The main aim of this study was to assess midwife knowledge, practice, and associated factors towards active management of the third stage of labor at governmental health institutions in the Tigray region, 2018. In this study, the overall knowledge and practice of midwives towards active management of the third stage of labor were 61.2% and 43.5%, respectively. This finding is in line with the study conducted in Nigeria and Ethiopia, Addis Ababa, which showed that the overall knowledge and practice of midwives towards AMTSL were 66.7%, 41.7% and 51.5%, 47%, respectively [21, 22].

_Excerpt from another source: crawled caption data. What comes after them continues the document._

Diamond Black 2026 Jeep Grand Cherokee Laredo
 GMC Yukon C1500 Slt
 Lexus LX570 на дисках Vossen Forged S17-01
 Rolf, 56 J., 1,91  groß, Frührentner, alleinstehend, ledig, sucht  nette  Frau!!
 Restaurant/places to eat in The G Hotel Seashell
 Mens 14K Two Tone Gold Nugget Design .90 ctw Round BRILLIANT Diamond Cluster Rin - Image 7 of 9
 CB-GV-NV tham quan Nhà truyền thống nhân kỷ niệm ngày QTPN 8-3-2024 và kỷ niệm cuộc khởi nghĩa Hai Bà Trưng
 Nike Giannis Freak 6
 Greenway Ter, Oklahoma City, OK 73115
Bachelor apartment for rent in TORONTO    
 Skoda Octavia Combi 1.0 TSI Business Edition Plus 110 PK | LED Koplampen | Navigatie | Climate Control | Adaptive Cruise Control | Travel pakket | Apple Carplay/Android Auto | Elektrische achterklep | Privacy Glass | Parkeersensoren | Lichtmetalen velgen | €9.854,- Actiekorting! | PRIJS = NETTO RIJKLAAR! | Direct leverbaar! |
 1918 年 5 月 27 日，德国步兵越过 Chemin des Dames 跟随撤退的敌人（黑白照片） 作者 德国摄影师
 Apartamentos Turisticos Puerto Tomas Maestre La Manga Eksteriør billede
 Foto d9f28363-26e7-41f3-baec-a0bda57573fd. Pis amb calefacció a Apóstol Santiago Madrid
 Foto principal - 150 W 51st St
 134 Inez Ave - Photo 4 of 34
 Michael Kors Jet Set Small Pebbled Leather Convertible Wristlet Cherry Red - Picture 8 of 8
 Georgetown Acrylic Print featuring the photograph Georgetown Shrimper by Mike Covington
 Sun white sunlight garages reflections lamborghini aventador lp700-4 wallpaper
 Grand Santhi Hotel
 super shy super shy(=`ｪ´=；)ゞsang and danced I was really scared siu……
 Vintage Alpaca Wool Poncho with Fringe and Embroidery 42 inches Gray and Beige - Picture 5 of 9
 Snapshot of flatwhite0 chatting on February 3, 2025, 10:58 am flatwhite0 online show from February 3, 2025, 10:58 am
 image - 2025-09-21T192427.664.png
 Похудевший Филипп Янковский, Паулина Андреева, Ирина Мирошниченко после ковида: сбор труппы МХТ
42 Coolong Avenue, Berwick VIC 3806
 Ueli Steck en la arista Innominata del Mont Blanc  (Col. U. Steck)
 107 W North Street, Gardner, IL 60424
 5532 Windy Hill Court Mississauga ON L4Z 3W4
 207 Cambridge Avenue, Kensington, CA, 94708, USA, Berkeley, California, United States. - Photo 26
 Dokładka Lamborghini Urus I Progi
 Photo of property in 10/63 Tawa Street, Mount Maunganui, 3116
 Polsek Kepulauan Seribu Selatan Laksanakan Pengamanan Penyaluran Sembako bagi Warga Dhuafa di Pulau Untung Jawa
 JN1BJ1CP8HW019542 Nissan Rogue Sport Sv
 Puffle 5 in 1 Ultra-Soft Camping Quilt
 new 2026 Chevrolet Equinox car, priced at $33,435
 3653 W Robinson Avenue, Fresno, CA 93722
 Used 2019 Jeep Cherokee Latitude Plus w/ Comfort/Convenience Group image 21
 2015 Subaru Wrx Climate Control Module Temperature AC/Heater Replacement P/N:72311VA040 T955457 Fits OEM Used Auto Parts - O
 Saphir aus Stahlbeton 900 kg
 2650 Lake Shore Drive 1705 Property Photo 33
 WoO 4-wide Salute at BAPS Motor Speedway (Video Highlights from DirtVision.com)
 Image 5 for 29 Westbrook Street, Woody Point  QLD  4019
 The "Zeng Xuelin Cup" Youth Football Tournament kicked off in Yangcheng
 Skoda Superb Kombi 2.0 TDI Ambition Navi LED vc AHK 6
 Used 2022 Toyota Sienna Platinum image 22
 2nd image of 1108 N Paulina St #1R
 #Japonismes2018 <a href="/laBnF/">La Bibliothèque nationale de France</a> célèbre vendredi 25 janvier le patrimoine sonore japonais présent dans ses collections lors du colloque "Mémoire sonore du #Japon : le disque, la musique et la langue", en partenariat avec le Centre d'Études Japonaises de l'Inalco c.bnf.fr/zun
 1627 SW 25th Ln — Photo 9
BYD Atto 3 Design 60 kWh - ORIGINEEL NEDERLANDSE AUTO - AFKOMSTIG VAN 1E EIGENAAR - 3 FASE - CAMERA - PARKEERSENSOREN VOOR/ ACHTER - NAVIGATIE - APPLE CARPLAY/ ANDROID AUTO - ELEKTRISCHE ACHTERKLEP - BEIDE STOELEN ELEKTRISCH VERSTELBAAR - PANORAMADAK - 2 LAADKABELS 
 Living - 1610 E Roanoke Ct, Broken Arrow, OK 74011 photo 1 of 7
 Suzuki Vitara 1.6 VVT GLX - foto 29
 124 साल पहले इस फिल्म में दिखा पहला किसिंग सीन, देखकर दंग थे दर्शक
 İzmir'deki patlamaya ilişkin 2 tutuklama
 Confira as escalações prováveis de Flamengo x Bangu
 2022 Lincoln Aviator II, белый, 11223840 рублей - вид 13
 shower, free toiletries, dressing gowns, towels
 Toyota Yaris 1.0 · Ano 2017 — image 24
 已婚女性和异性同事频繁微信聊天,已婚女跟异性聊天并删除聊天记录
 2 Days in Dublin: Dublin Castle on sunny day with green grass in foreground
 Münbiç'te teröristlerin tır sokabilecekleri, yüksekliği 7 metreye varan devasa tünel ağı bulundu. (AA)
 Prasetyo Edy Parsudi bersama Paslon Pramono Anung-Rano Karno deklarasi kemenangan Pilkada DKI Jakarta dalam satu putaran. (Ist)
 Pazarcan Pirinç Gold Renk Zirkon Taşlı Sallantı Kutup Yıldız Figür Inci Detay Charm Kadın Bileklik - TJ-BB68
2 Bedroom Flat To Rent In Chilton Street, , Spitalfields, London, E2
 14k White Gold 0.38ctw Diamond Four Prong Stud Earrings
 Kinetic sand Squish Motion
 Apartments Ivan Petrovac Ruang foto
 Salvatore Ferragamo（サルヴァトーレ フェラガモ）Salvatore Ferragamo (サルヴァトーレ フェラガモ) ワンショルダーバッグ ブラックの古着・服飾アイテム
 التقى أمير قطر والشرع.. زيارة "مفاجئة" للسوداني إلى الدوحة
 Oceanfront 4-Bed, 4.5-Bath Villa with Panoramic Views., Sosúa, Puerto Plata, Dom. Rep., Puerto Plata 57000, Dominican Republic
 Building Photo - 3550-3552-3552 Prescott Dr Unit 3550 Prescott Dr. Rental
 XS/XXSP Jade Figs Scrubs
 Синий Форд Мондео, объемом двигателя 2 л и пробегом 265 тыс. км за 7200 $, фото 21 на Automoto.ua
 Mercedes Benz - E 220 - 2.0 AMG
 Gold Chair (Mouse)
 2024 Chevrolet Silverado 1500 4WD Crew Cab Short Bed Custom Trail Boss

This might be due to the similarity in sociodemographic status of study participants in which midwives from both health center and hospitals were included in the study but higher than the study conducted in Ethiopia, Hawassa, and study conducted in Sudan which showed that 33.3%, 16.7% and 15.6%, 26.7% of study participants were good in knowledge and good in practice, respectively [16, 17]. This difference might be due to the difference in the educational level of study participants conducted among midwives where there were a large number of diploma holders.

Again, the finding of this study was much higher than the result of the study conducted in Tanzania which showed that the overall knowledge and practice of active management of the third stage of labor were only 10% for both [23]. This significant difference might be due to the educational level of study participants in Tanzania; from 87 midwives involved in the study, only one midwife was a degree holder.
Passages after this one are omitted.